> [Your instructions]
Starting at the line that contains "Friendzone Gay Humiliation BFF 2/16", write out each line through the end of the data below, exactly as it stands. Skip any pictures.

+++

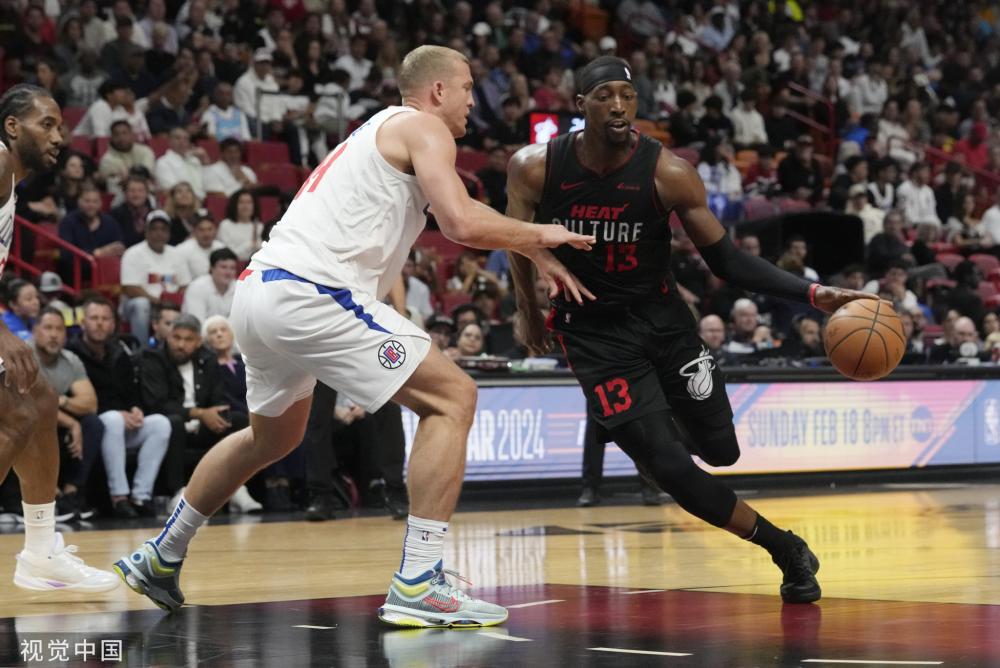 动员佩莱格 动员佩莱格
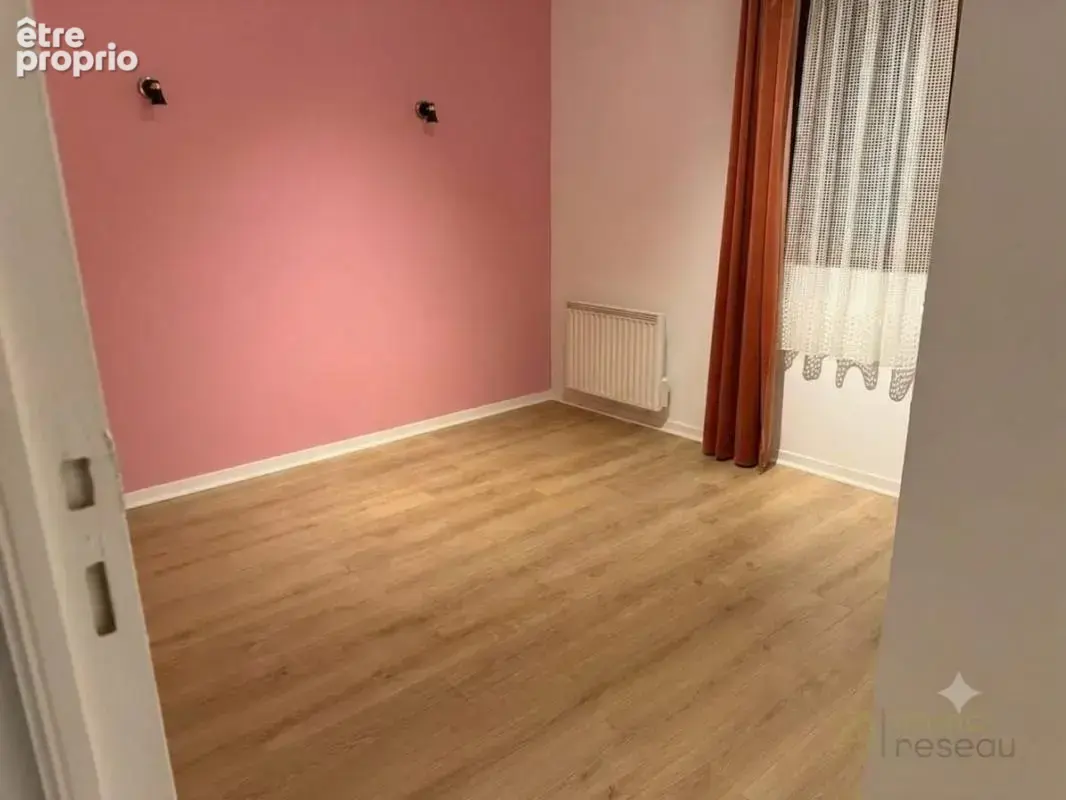 Maison 4 pièces 91 m² à vendre à Le Havre (76610) - photo 6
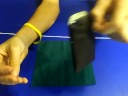 Proporta Maya Pouch For the iPhone3G/iPod Touch 2g Review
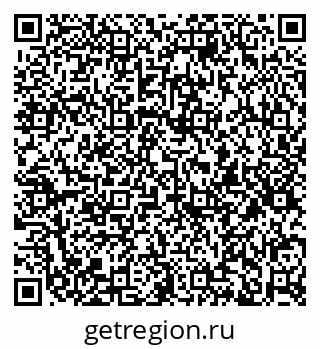 79913837785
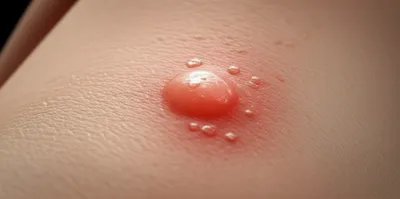 Illustration sting - Image 1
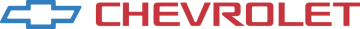 Sticker Triskel 4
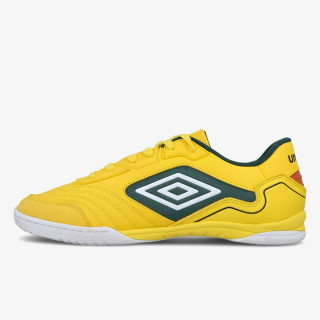 Umbro Pantofi Sport Hole 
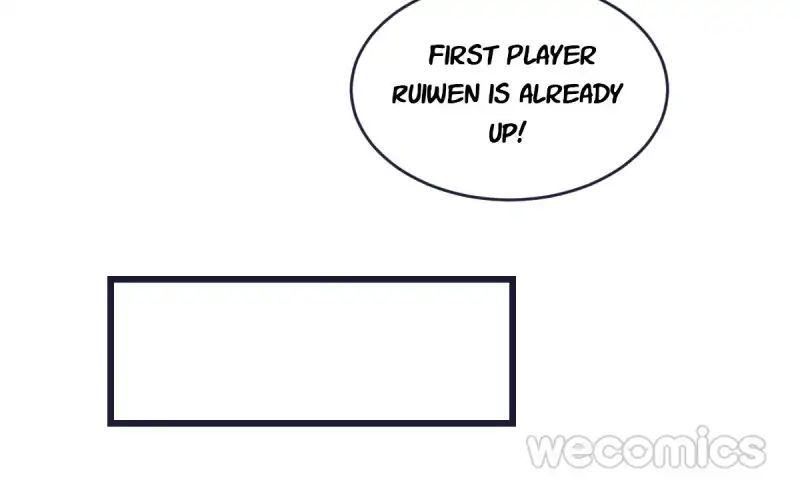 9 Dan Girl Chapter 13 - page 32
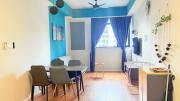 Chamber Residence by KLCC BSJ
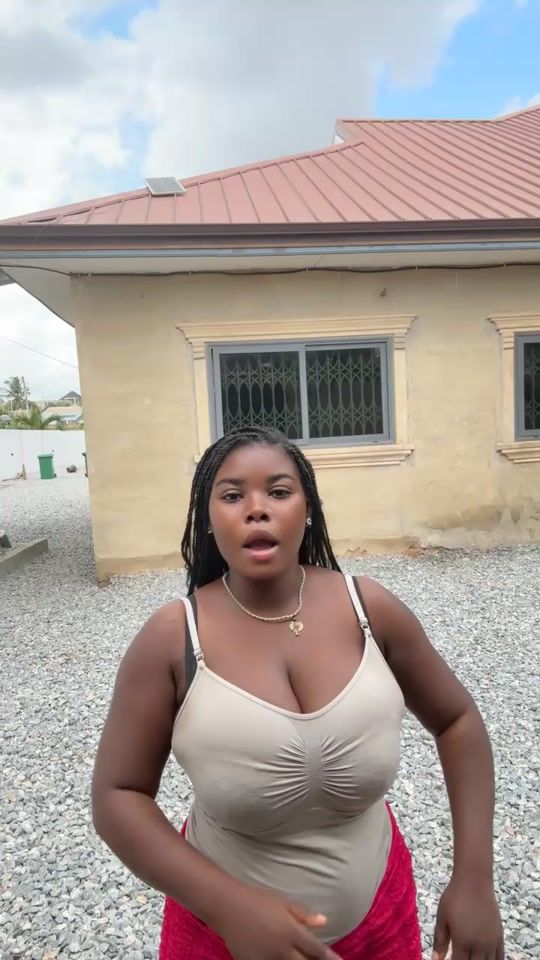 TikTok video thumbnail by fatimabarila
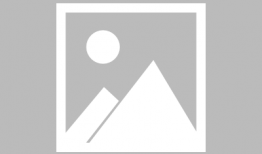 元歌新皮肤爆料最新,元歌新皮肤“幻影迷踪”惊艳亮相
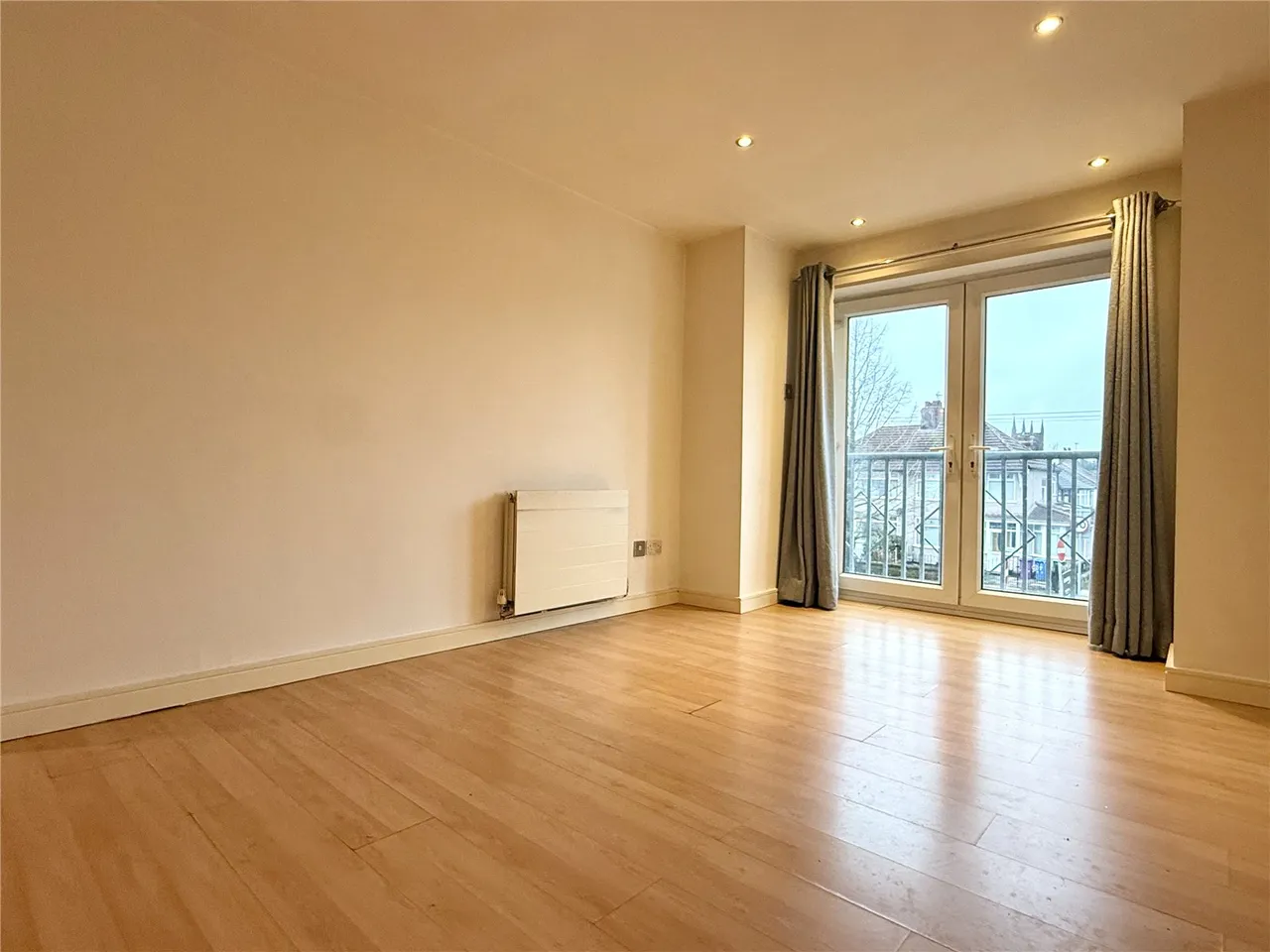 Eaton Road, West Derby, L12, photo 5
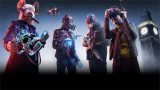 watch dogs legion squad xtyd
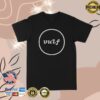 Vulfpeck Store Merch Vulf Logo Shirt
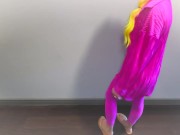 Friendzone Gay Humiliation BFF 2/16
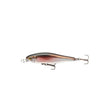 Daiwa Steez Pencil 60F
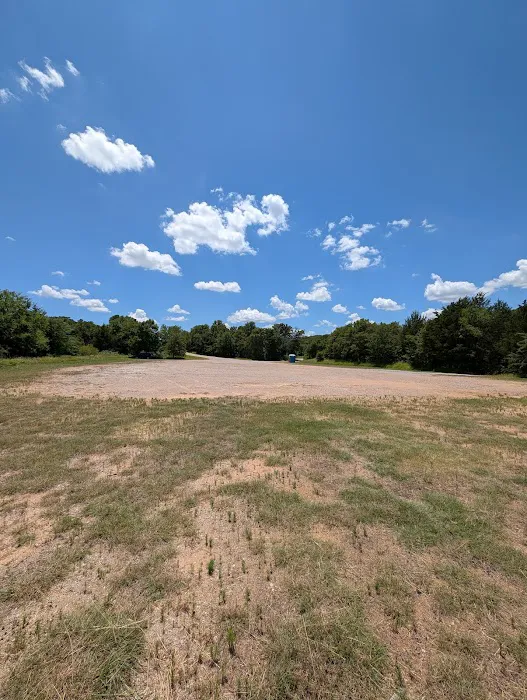 Cross Timber Camp 1ground Picture 3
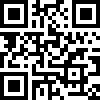https://irasin.ir/xfrX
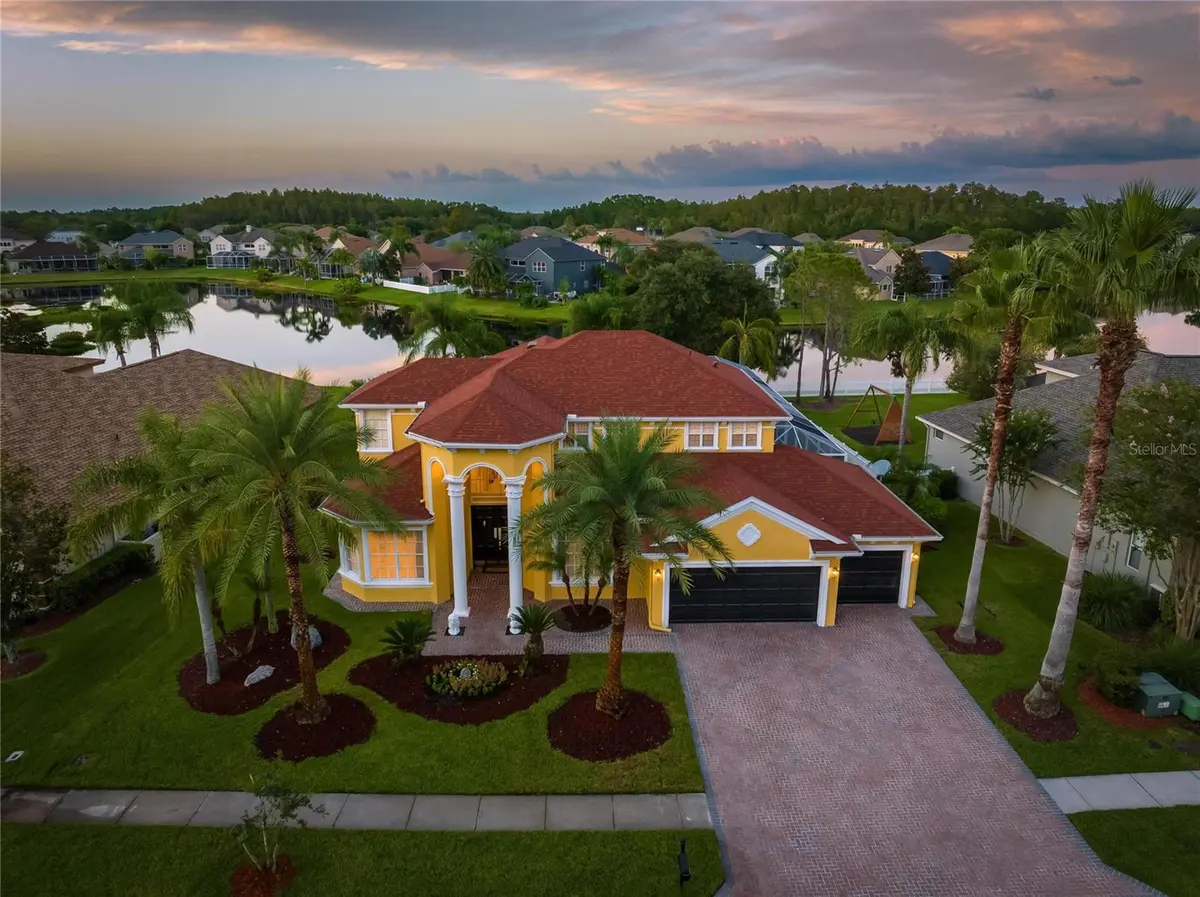 26751 WINGED ELM DR, Wesley Chapel, FL 33544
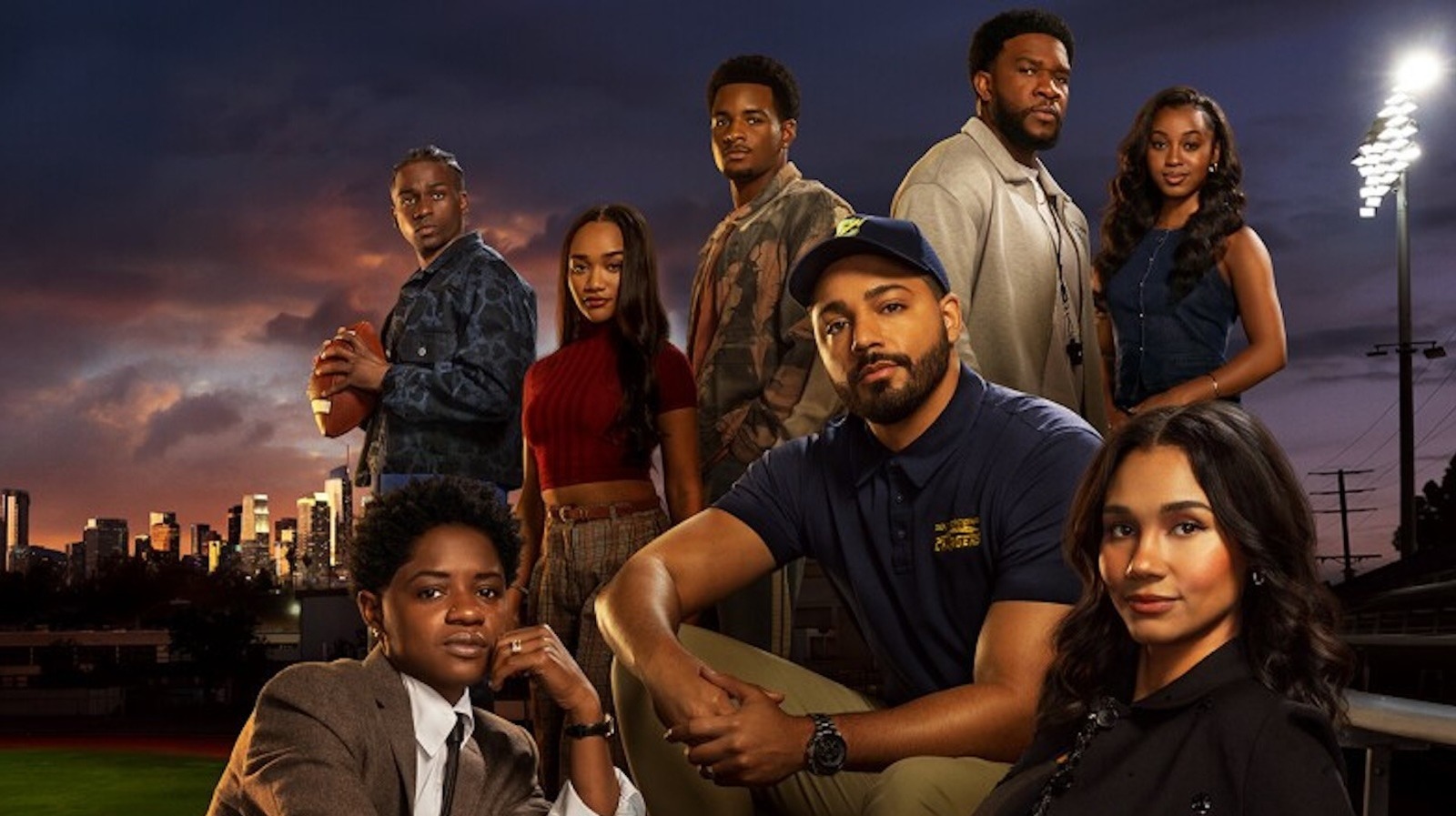 TV Schedule: What To Watch The Week Of July 12, 2026 — New Shows & Movies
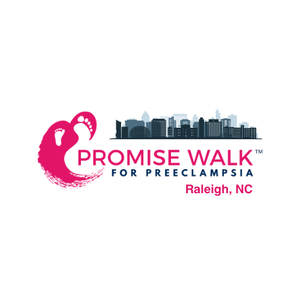 Raleigh, North Carolina Promise Walk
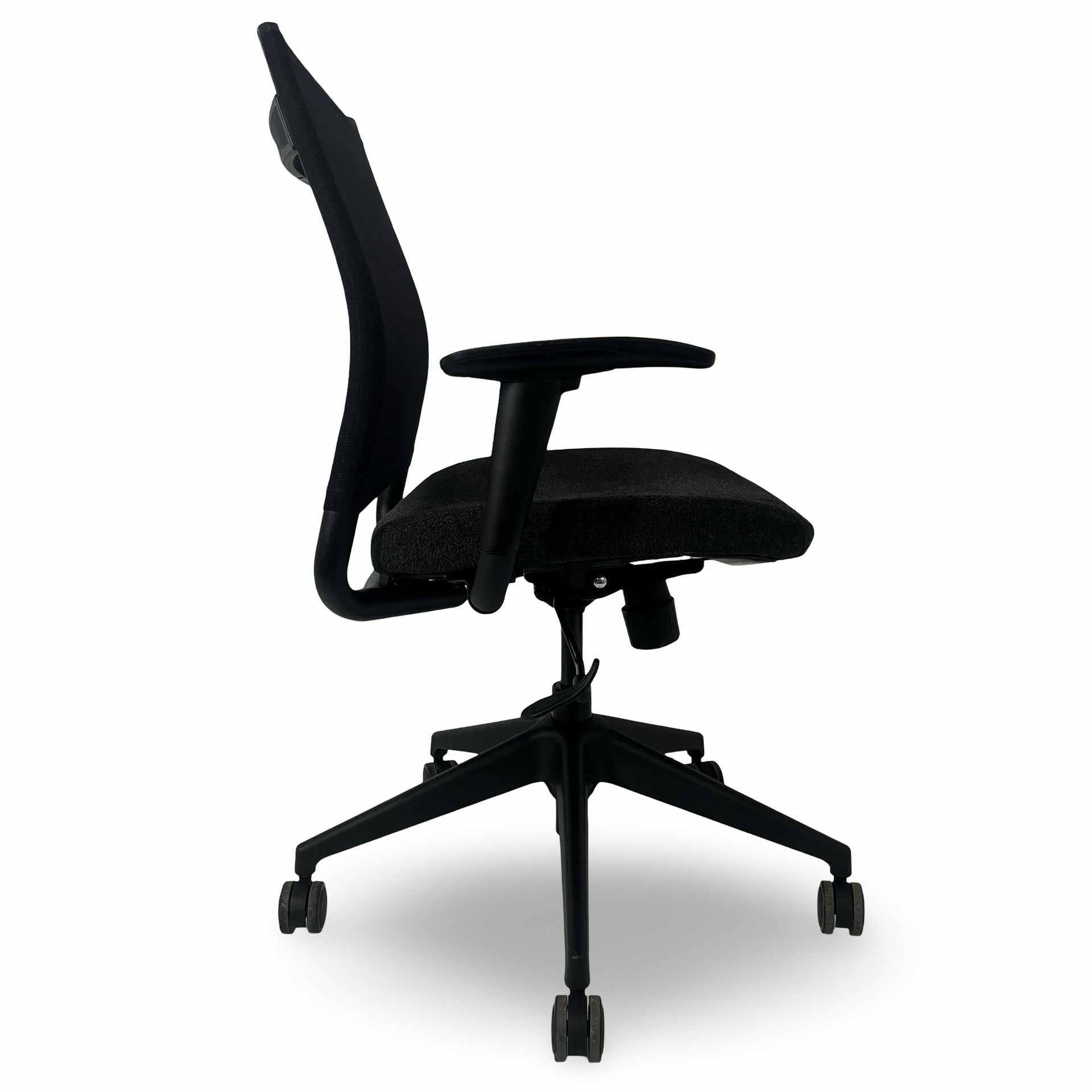 SitOnIt Wit Midback & Highback Task Chairs - Image 4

+++

> [Result]
 Friendzone Gay Humiliation BFF 2/16
 Daiwa Steez Pencil 60F
 Cross Timber Camp 1ground Picture 3
https://irasin.ir/xfrX
 26751 WINGED ELM DR, Wesley Chapel, FL 33544
 TV Schedule: What To Watch The Week Of July 12, 2026 — New Shows & Movies
 Raleigh, North Carolina Promise Walk
 SitOnIt Wit Midback & Highback Task Chairs - Image 4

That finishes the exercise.